After considering the private and public factors, the Court concludes that a transfer of venue is not in the interest of justice. For all the foregoing reasons, the Court denies defendant’s Motion to Transfer Venue. An appropriate order follows.


AND NOW, this 6th day of December, 2013, in consideration of Defendant’s Motion to Transfer Venue, or, in the Alternative, Partial Motion to Dismiss (Document No. 12, filed August 28, 2013), construed by the Court as a Motion to Transfer Venue, Plaintiff’s Motion in Opposition to Defendant’s Motion to Transfer of Venue, or in the Alternative, Partial Motion to Dismiss (Document No. 13, filed September 10, 2013), and Reply Memorandum of Law in Further Support of Defendant’s Motion to Transfer Venue, or in the Alternative, Partial Motion to Dismiss (Document No. 18, filed September 23, 2013), for the reasons set forth in the attached Memorandum dated December 6, 2013, it is ORDERED that defendant’s Motion to Transfer Venue is DENIED. The Alternative Partial Motion to Dismiss was previously denied as moot by reason of the filing of the Amended Complaint.[5]

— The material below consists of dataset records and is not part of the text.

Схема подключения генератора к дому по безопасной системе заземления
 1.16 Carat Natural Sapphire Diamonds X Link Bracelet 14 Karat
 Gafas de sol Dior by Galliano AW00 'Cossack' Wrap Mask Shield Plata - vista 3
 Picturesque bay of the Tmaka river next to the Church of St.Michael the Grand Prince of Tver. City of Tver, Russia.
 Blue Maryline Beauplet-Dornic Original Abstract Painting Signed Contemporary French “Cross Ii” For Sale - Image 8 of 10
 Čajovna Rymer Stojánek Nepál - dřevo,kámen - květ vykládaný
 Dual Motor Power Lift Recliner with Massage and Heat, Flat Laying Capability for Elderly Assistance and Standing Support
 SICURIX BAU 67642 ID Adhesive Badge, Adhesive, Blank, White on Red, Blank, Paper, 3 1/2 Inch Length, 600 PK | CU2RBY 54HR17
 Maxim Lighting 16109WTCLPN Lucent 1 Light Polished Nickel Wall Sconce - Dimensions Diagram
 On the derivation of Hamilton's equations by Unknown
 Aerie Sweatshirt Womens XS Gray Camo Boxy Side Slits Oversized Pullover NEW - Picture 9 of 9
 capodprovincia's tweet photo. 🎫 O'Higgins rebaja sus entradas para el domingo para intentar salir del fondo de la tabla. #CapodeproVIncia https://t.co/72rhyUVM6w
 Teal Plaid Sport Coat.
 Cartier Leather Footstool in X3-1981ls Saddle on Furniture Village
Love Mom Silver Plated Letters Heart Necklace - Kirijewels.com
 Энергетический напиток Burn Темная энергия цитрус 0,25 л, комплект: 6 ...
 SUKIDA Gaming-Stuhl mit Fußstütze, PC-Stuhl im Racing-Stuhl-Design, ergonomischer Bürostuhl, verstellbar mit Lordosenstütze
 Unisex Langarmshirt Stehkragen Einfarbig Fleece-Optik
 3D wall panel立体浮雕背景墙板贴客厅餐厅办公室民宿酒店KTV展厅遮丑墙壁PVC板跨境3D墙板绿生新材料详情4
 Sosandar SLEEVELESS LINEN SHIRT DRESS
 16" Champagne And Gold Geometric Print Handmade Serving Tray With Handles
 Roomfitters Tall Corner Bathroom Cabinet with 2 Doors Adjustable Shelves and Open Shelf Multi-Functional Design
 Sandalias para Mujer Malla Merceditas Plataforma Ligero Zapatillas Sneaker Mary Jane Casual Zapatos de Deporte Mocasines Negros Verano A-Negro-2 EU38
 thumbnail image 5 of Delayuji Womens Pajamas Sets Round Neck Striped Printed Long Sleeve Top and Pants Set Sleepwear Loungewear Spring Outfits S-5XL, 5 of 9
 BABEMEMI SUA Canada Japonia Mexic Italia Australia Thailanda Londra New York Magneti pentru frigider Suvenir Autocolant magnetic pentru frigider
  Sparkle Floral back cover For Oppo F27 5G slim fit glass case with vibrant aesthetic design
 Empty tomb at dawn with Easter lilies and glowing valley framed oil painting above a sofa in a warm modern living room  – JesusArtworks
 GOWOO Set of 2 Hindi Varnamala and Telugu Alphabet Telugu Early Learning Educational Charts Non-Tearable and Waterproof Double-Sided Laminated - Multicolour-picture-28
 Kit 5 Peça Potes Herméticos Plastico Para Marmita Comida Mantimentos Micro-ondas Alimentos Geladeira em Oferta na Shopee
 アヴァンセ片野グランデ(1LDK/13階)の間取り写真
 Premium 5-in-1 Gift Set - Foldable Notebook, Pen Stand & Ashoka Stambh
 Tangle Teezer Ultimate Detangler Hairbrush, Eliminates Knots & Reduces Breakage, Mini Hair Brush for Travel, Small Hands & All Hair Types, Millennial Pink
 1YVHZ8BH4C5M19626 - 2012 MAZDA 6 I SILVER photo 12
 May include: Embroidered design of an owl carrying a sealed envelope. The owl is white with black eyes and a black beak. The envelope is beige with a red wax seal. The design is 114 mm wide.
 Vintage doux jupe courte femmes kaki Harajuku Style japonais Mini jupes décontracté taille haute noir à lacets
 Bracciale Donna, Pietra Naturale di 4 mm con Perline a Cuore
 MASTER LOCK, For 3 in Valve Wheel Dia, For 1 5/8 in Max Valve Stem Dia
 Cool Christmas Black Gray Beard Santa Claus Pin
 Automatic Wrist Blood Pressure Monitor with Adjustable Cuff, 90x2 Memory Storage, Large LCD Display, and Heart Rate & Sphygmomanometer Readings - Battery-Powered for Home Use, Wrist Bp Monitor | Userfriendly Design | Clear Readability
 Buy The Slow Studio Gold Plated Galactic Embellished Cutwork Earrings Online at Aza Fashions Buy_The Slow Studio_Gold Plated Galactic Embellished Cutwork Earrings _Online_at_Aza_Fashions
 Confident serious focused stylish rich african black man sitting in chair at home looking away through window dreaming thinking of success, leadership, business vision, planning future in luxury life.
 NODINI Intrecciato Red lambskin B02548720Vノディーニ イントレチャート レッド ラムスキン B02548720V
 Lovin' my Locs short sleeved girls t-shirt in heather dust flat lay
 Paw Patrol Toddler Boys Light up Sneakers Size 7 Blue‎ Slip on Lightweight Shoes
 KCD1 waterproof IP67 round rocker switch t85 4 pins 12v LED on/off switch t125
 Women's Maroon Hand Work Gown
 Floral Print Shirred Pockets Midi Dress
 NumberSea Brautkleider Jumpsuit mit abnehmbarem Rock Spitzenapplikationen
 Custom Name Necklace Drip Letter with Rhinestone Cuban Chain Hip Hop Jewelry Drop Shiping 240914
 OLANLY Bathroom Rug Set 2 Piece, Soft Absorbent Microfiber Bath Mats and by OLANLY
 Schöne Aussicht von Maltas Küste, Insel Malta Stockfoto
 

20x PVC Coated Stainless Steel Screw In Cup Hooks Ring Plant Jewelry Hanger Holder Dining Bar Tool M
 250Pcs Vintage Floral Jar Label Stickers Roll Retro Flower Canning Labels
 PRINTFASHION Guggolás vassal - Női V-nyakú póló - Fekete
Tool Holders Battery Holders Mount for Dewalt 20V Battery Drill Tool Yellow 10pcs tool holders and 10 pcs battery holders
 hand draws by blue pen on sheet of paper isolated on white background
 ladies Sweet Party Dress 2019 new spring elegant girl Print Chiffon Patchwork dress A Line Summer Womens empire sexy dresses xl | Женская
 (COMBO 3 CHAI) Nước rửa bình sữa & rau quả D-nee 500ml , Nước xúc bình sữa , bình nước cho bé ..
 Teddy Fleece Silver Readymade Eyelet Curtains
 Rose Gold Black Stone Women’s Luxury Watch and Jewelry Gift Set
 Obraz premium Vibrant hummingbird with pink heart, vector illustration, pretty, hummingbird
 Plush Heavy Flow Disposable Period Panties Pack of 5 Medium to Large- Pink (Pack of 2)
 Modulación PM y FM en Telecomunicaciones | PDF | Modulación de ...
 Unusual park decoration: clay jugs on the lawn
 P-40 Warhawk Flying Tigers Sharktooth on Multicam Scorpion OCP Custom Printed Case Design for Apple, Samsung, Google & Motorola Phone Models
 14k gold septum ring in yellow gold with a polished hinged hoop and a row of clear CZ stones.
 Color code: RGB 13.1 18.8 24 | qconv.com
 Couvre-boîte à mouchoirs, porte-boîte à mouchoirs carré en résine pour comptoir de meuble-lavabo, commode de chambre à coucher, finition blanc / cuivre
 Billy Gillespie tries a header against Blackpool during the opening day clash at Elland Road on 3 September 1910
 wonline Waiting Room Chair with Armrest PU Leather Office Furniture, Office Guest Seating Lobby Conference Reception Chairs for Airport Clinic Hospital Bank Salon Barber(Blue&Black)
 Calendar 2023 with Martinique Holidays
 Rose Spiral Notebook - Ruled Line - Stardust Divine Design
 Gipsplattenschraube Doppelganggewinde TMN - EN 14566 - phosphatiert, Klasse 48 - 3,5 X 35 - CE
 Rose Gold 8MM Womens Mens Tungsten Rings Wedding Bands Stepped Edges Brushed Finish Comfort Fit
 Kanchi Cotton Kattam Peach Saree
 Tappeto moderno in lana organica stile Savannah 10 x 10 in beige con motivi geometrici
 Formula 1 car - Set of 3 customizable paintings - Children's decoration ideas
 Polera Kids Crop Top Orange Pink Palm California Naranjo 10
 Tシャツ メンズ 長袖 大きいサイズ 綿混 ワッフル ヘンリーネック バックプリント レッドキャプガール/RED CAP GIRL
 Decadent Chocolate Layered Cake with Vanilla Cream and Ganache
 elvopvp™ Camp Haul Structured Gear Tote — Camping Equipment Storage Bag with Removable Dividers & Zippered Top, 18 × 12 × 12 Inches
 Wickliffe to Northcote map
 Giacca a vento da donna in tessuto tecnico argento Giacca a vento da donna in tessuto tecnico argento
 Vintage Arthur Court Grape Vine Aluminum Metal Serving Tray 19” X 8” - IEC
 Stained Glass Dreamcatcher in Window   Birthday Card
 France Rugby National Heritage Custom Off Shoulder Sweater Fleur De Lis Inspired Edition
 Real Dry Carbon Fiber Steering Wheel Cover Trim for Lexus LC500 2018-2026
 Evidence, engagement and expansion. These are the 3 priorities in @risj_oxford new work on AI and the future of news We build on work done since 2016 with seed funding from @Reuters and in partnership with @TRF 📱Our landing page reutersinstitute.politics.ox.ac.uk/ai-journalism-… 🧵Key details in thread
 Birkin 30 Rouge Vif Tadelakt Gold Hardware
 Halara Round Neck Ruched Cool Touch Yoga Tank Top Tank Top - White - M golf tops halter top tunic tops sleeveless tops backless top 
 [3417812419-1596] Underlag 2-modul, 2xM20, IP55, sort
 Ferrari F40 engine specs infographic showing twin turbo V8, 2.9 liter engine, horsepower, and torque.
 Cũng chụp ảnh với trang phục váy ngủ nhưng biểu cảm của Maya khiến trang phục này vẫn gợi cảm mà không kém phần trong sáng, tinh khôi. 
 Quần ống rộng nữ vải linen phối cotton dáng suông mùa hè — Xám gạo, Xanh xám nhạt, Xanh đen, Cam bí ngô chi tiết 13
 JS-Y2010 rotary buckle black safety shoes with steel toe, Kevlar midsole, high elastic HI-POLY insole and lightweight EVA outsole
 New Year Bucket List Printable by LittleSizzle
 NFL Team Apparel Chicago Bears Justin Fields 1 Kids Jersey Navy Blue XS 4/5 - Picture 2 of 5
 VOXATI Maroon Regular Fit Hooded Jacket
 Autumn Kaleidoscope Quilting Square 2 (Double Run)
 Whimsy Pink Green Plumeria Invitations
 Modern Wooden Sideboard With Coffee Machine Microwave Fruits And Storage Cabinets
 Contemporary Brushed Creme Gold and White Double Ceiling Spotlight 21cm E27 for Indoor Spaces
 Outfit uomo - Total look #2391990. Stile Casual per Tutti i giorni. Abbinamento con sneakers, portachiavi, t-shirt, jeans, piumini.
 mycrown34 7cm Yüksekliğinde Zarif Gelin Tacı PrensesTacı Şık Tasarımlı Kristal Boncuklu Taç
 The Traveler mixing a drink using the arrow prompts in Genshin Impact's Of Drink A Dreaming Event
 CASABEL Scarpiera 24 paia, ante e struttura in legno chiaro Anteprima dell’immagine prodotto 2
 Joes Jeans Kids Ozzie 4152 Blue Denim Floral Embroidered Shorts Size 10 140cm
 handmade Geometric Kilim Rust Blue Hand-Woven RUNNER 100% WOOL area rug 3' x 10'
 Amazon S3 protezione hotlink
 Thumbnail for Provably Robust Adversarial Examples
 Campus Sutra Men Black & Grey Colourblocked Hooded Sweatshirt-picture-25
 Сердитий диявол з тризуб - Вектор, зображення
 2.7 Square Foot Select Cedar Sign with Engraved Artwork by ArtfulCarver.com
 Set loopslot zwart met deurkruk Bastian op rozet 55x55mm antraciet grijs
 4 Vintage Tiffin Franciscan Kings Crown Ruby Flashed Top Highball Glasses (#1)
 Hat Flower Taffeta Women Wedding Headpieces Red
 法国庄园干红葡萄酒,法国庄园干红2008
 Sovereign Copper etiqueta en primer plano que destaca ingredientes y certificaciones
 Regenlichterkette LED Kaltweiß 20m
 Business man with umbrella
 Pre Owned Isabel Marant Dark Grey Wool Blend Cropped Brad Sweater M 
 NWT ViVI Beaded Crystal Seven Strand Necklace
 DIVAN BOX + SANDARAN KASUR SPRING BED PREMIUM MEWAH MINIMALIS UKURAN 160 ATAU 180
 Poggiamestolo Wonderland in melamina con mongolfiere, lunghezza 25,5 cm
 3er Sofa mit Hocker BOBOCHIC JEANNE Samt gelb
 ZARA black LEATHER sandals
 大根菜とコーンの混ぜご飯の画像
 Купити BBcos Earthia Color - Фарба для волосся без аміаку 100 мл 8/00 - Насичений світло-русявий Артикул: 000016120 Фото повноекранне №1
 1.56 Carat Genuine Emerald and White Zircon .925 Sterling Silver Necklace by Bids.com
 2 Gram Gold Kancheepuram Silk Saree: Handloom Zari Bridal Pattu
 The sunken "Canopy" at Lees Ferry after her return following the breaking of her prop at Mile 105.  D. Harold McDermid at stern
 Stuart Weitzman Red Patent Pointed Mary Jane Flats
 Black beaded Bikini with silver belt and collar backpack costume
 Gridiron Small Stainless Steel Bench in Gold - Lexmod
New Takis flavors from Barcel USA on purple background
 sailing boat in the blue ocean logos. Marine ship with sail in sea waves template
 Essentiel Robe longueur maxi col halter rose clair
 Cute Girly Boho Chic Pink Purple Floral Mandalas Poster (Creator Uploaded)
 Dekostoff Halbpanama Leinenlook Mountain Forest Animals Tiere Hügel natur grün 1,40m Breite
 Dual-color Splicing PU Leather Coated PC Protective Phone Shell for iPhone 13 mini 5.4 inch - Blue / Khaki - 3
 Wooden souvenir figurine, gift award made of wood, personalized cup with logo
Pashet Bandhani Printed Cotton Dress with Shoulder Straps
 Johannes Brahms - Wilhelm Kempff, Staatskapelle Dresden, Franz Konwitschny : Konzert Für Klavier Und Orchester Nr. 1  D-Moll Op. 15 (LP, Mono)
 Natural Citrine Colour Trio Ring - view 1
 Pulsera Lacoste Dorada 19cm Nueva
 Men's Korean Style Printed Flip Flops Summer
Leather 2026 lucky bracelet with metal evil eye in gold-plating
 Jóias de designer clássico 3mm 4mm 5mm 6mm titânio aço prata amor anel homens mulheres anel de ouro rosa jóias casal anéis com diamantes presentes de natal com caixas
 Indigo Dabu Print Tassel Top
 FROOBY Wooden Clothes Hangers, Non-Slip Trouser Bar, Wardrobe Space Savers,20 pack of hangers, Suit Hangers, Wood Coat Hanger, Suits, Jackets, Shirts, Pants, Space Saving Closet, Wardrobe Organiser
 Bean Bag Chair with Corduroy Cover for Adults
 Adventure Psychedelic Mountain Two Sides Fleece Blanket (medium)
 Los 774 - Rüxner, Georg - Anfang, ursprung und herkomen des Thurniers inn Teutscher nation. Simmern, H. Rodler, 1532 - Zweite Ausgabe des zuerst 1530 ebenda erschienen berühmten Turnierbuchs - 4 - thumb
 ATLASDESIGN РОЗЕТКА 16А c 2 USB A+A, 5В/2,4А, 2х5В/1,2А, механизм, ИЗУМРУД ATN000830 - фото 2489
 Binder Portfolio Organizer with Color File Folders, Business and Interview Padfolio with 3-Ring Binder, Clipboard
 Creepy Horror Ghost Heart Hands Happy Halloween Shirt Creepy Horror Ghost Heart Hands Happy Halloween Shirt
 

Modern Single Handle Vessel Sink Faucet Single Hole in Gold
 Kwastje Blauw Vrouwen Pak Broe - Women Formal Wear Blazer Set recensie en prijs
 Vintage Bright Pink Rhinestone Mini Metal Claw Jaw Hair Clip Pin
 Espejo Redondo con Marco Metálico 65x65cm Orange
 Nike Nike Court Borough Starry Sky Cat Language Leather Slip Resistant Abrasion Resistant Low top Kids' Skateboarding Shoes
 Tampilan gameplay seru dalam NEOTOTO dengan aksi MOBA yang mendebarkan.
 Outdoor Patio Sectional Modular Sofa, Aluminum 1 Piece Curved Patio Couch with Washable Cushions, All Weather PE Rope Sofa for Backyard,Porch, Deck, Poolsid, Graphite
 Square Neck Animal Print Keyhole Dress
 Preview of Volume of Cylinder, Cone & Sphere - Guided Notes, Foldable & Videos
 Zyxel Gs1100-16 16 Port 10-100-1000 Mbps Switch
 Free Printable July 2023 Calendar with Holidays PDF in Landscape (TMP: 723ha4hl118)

IT IS FURTHER ORDERED that defendant shall file and serve an answer or other response to plaintiff’s Amended Complaint within fourteen (14) days of the entry of this Order. Two copies of the response shall by served on the Court (Chambers, Room 12613) when the original is filed.

IT IS FURTHER ORDERED that a preliminary pretrial conference will be scheduled by the Court in due course.